Health Care Reform Signals the End of the Trickle Down Era?

Health Care Reform, End of the Trickle Down Era

As usual, everything that folks fight about in this country usually boils down to one thing: money. All of the fretting and arguing about health care reform is no different.

Republicans say they oppose the bill because government will intrude too much on the lives of Americans. And then there were the scurrilous arguments from Tea Partiers that the legislation would push this country toward a socialist regime. None of those arguments hold weight, but the idea that health care reform will have a huge impact on the distribution of wealth in this country does.

According to the New York Times:

For all the political and economic uncertainties about health reform, at least one thing seems clear: The bill that President Obama signed on Tuesday is the federal government's biggest attack on economic inequality since inequality began rising more than three decades ago.

Over most of that period, government policy and market forces have been moving in the same direction, both increasing inequality. The pretax incomes of the wealthy have soared since the late 1970s, while their tax rates have fallen more than rates for the middle class and poor.

Nearly every major aspect of the health bill pushes in the other direction. This fact helps explain why Mr. Obama was willing to spend so much political capital on the issue, even though it did not appear to be his top priority as a presidential candidate. Beyond the health reform's effect on the medical system, it is the centerpiece of his deliberate effort to end what historians have called the age of Reagan.
Payroll taxes will increase for households earning more than $250,000. For households earning more than $1 million, payroll taxes will jump $46,000 by 2013, according to the Tax Policy Center. Those with incomes below the poverty level will see the most benefit from the bill.
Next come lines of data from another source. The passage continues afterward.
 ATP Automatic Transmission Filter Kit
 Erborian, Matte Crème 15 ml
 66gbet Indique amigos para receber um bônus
Meanwhile, income for the wealthy has been rising while tax rates have beenhem have been falling, according to the NY Times:

For most of the last three decades, tax rates for the wealthy have been falling, while their pretax pay has been rising rapidly. Real incomes at the 99.99th percentile have jumped more than 300 percent since 1980. At the 99th percentile - about $300,000 today - real pay has roughly doubled...... Since 1980, median real household income has risen less than 15 percent. The only period of strong middle-class income growth during this time came in the mid- and late 1990s, which by coincidence was also the one time when taxes on the affluent were rising.

The health care legislation marks a huge blow at Reagan's push for trickle-down economics -- the idea that economic benefits provided to the wealthy will trickle down to the rest of society. We see what has happened instead. The middle class has been devastated by slow earnings increases, job loss, foreclosures and predatory lending. What trickled down did not help anyone.
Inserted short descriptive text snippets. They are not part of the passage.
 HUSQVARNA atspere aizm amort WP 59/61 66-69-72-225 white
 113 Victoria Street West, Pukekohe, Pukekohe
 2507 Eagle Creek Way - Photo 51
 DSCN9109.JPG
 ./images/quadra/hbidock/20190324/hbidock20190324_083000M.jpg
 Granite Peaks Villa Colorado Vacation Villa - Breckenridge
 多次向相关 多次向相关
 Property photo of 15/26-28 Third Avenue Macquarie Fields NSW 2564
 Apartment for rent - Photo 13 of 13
Talk about redistribution of wealth in this country and people get violent. The protests over health care became so violent and nasty with people portraying Obama as Hitler and showing up to events with guns strapped to their legs that many felt the president's safety was in jeopardy.
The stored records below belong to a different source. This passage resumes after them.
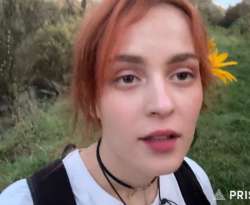1669296398131.png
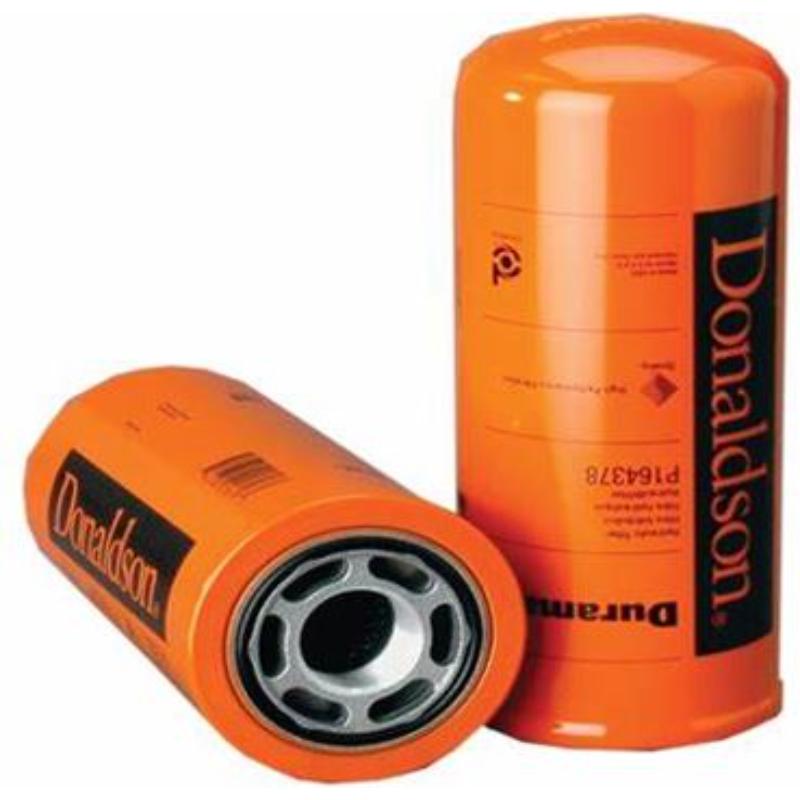 Diesel 120l Filter Replacement Cardrige Donaldson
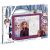 تخته مگنتی کلمنتونی مدل فروزن 2 دیزنی, تنوع: 15290-Disney Princess Froze, image 2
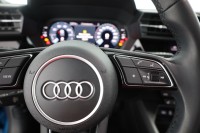 Audi A3 Sportback 40 TFSI e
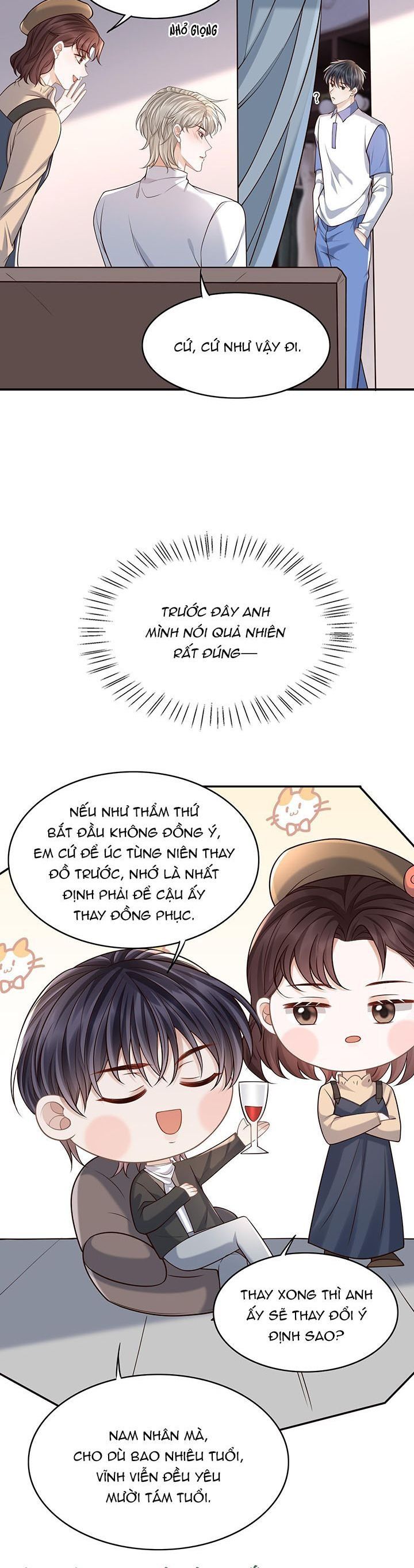 page_23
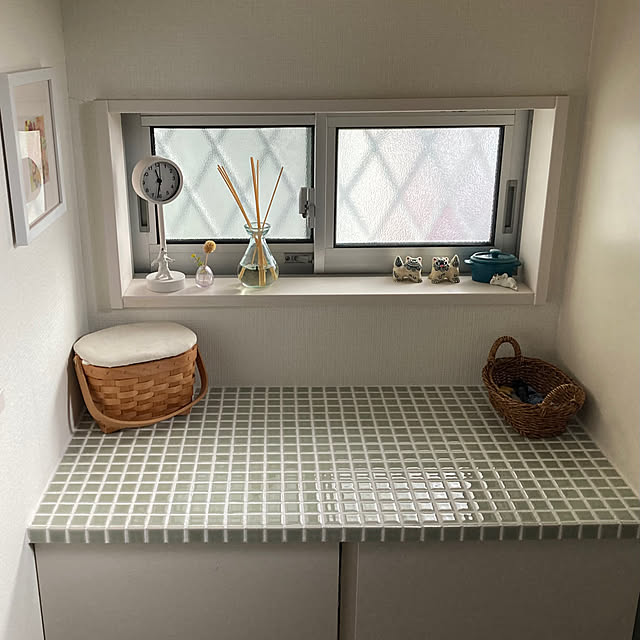 rinonori3さんの部屋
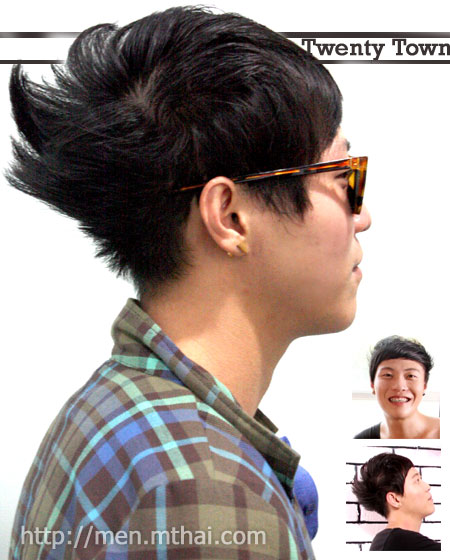 My Image 25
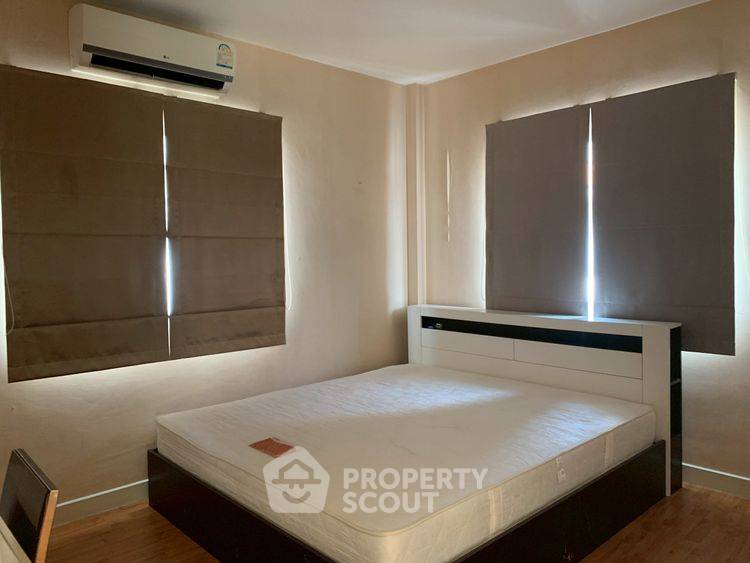 picture 3-BR House in Prawet (ID 2688954) - 17/19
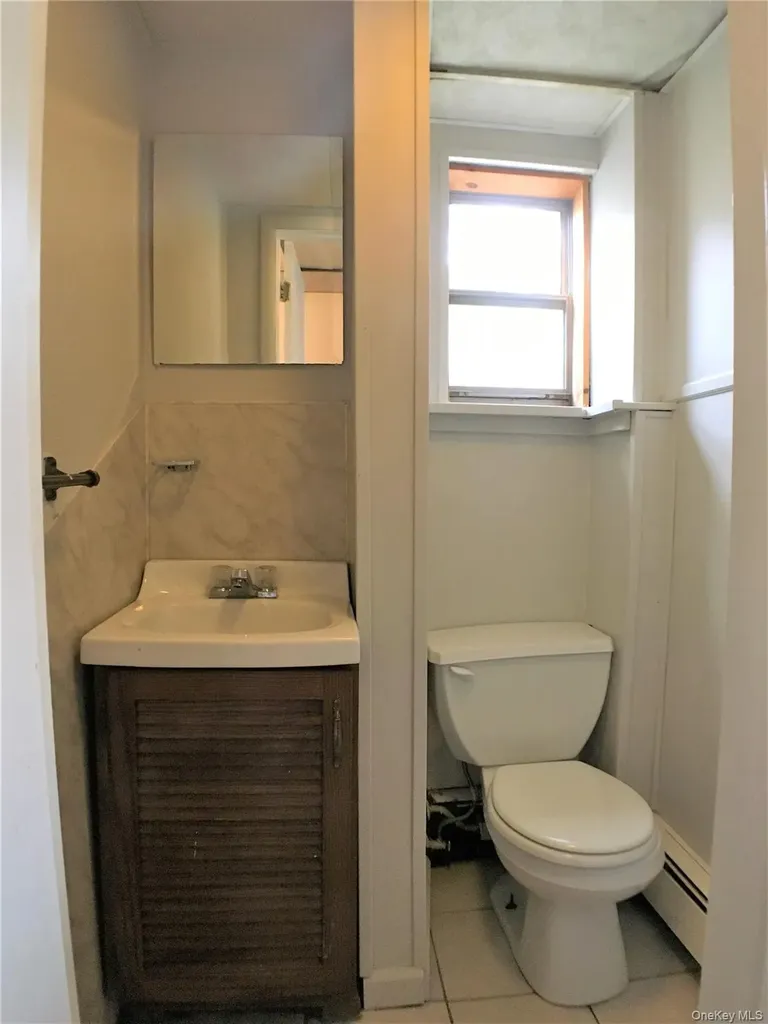 83 Albany Street Poughkeepsie NY 12601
I'm not sure I'll ever understand why. Increasing aid to the middle class will help many Americans of all races. The tax breaks for the wealthy affect a small percentage of homogeneous Americans.

The resistance from ordinary Americans doesn't make sense. They are voting against their own interests. I think they have been poisoned by racism and greed.

Racism because to many in this country, redistribution of wealth means an increase in aid to the poor, who to them, are mostly Blacks and Latinos that don't work hard enough. Of course that's not true, but some people live by the idea that you deserve what you have and that there are no other factors-- oppression, lack of opportunity-- that affect your current life situation.

I remember all of the articles during the height of the recession with people saying: "I did everything right. I went to college and got a job and this is still happening to me."

The other factor is greed. Although more of us fall in to the middle class category and should be pushing for some of the reforms in question, there seems to be this idea that you should be able to make as much as you can in this country regardless of whom it hurts. The belief is that maybe one day I'll be the CEO, making $24 million per year, and I won't want anyone taxing me too heavily. Wake up. Most people will never make that kind of money. I'm not sure anyone should. Is the work of the CEO 60,000 more times valuable than that of the worker who is producing the product?

When he signed the health care legislation in to law, President Obama said it was a "new season" in America. It's about time.